Using the material below, repeat exactly the lines from the one with "woman drinking coffee in baia" through the one with "1998-99 Ultra #118 Dirk Nowitzki RC", ends included, without any images.

===== RECORDS FOR THE TASK

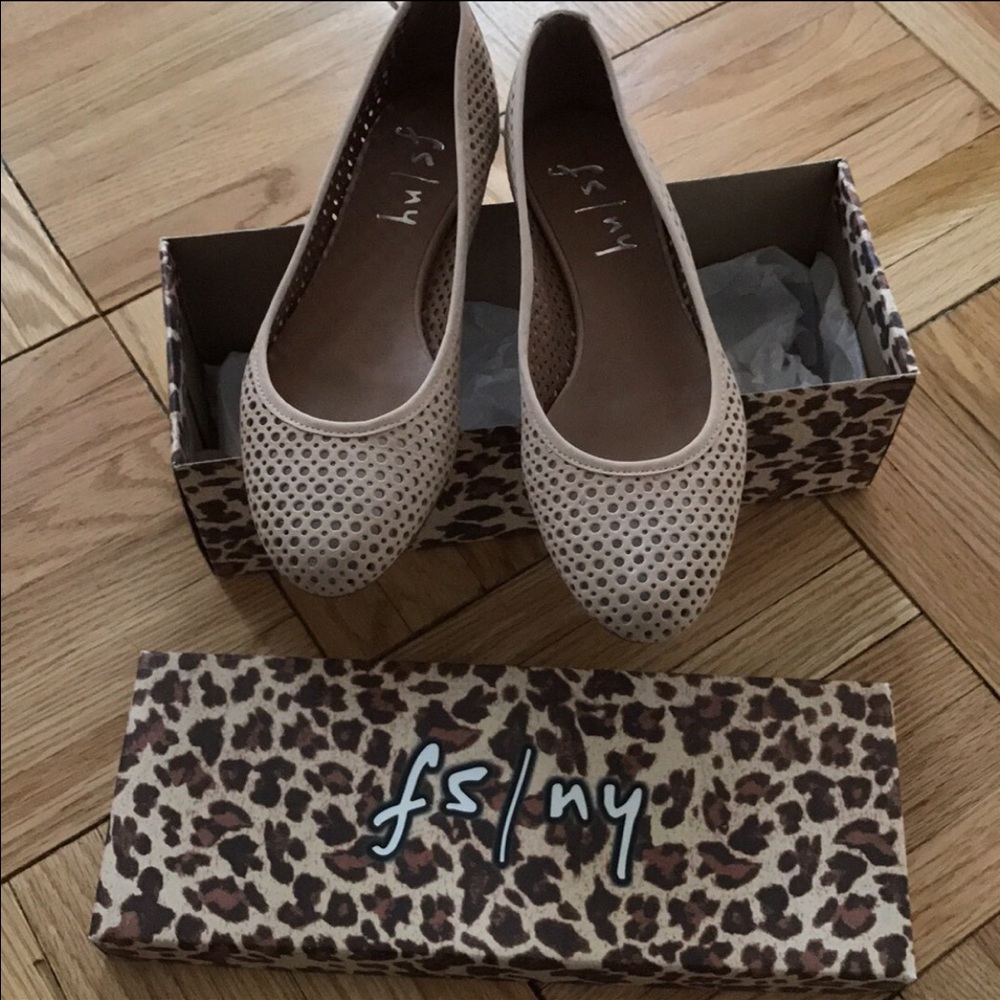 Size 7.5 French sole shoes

==========
===== RECORDS FOR THE TASK

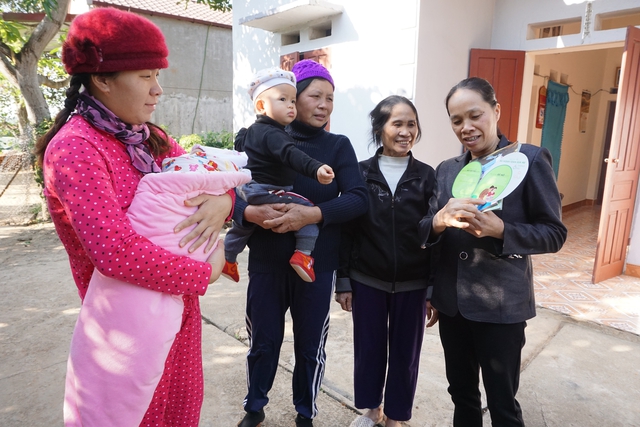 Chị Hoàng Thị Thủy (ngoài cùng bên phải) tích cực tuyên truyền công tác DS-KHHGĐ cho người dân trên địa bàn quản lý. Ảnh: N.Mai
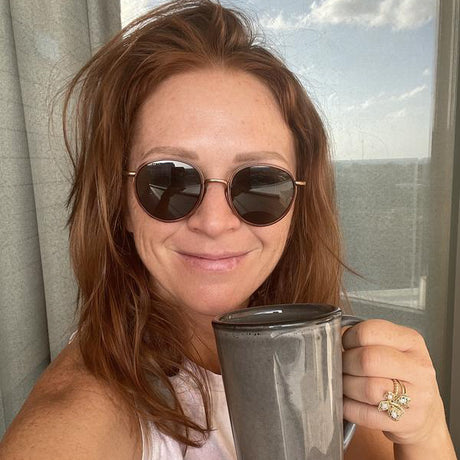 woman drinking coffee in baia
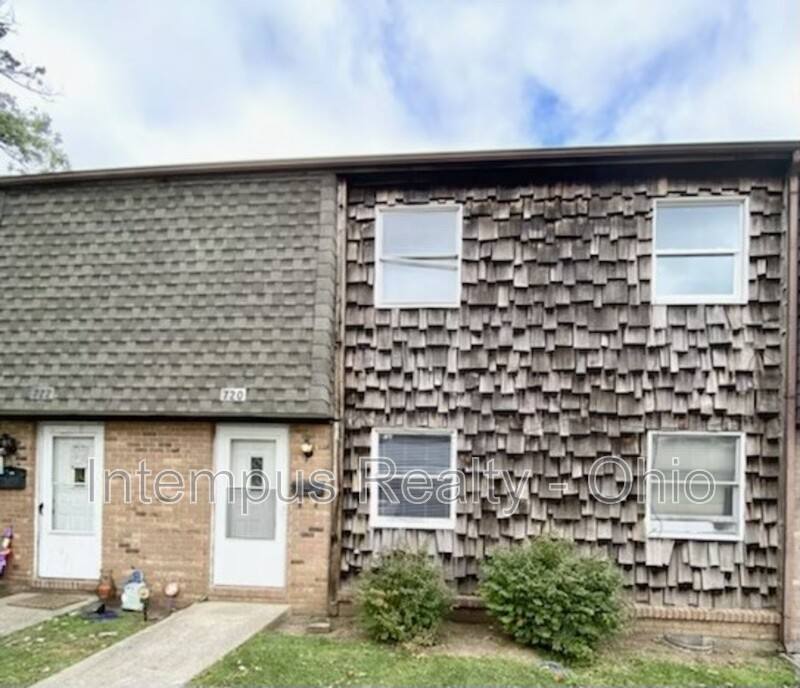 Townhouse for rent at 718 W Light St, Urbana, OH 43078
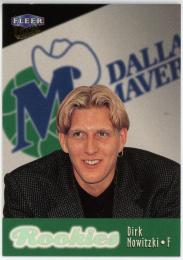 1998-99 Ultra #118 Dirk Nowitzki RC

==========

SOLUTION TO THIS EXERCISE:
 woman drinking coffee in baia
 Townhouse for rent at 718 W Light St, Urbana, OH 43078
 1998-99 Ultra #118 Dirk Nowitzki RC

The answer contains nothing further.